* [ASSIGNMENT]
Restate word for word the lines of the entries below, starting with the line that holds "Ungaro Gold by" and ending with the line that holds "Kuhl Bravado Tee", and no others.

* [DATA PROVIDED]
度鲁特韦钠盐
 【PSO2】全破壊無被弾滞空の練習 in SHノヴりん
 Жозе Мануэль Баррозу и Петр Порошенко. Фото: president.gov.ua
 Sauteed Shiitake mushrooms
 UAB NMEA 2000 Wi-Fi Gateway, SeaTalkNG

* * *

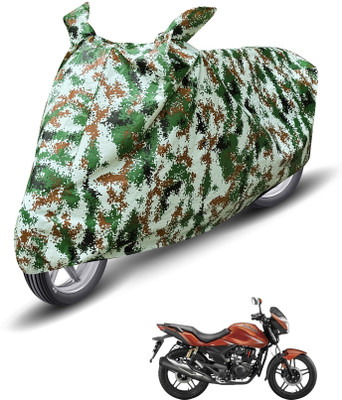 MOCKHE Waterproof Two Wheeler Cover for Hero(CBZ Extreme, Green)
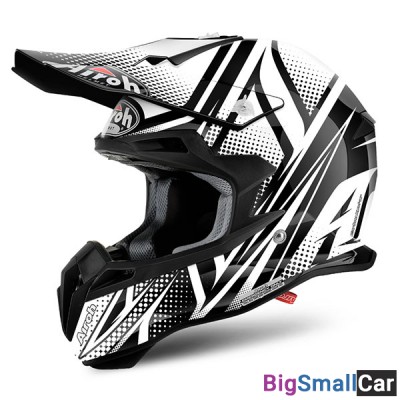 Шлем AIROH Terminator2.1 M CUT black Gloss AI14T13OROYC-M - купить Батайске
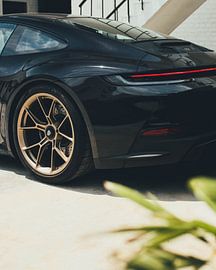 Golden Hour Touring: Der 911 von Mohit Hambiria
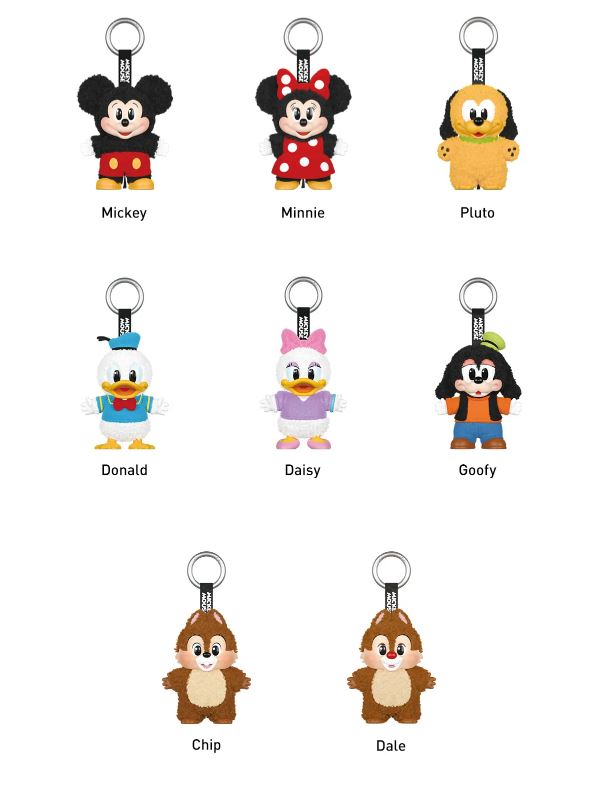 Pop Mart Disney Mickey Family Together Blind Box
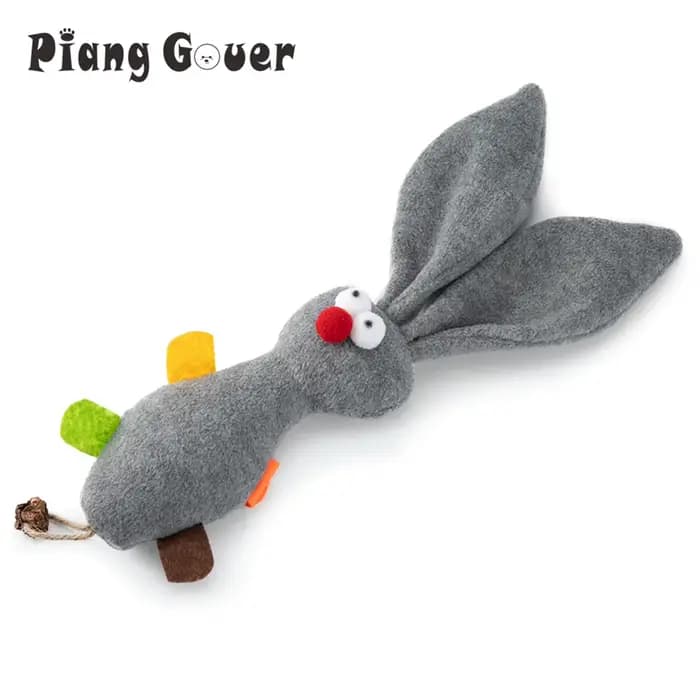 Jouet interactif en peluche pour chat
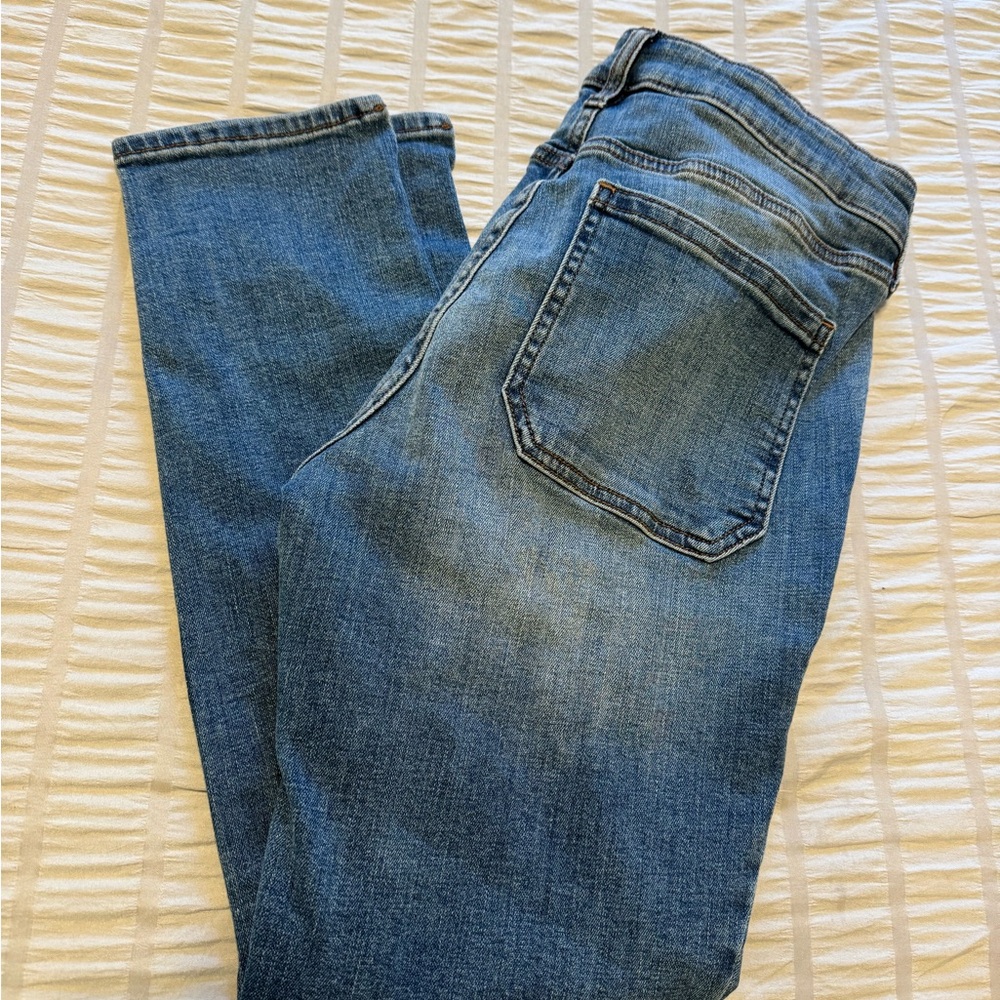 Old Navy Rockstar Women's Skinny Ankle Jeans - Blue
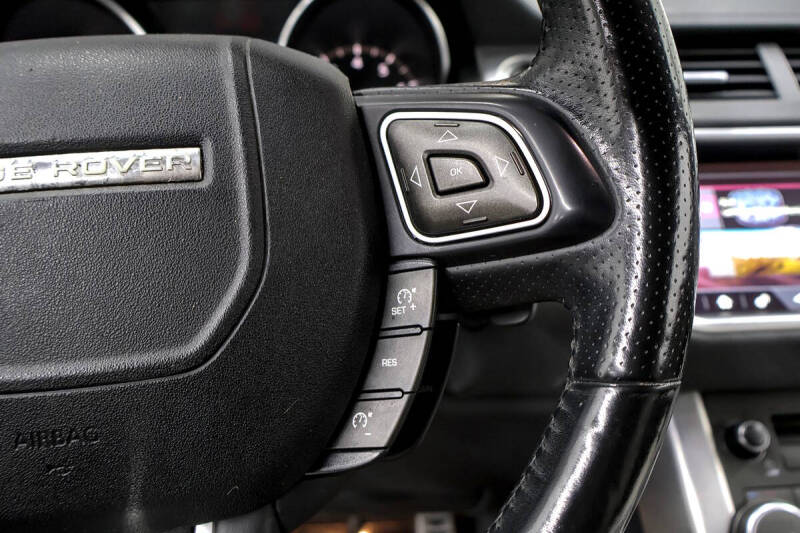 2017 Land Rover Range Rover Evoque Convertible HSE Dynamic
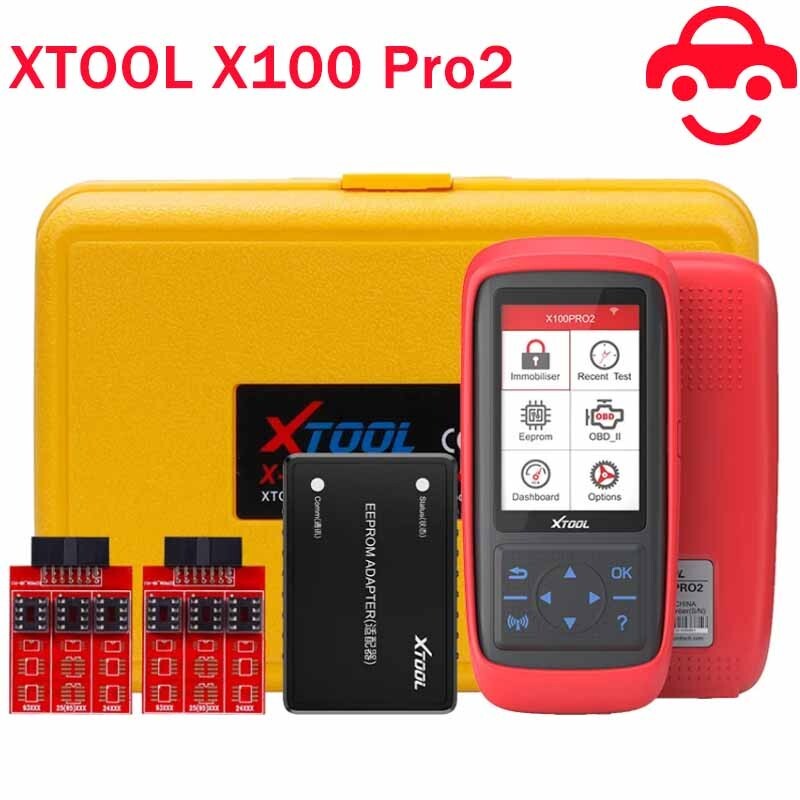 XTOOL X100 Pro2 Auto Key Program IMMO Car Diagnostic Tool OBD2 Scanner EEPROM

==

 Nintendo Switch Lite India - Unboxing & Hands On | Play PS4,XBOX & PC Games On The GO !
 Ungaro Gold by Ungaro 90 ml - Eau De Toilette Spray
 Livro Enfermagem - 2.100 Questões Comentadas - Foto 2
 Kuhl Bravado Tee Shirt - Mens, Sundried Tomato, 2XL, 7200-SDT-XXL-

* [REPLY TO THE TASK]
 Ungaro Gold by Ungaro 90 ml - Eau De Toilette Spray
 Livro Enfermagem - 2.100 Questões Comentadas - Foto 2
 Kuhl Bravado Tee Shirt - Mens, Sundried Tomato, 2XL, 7200-SDT-XXL-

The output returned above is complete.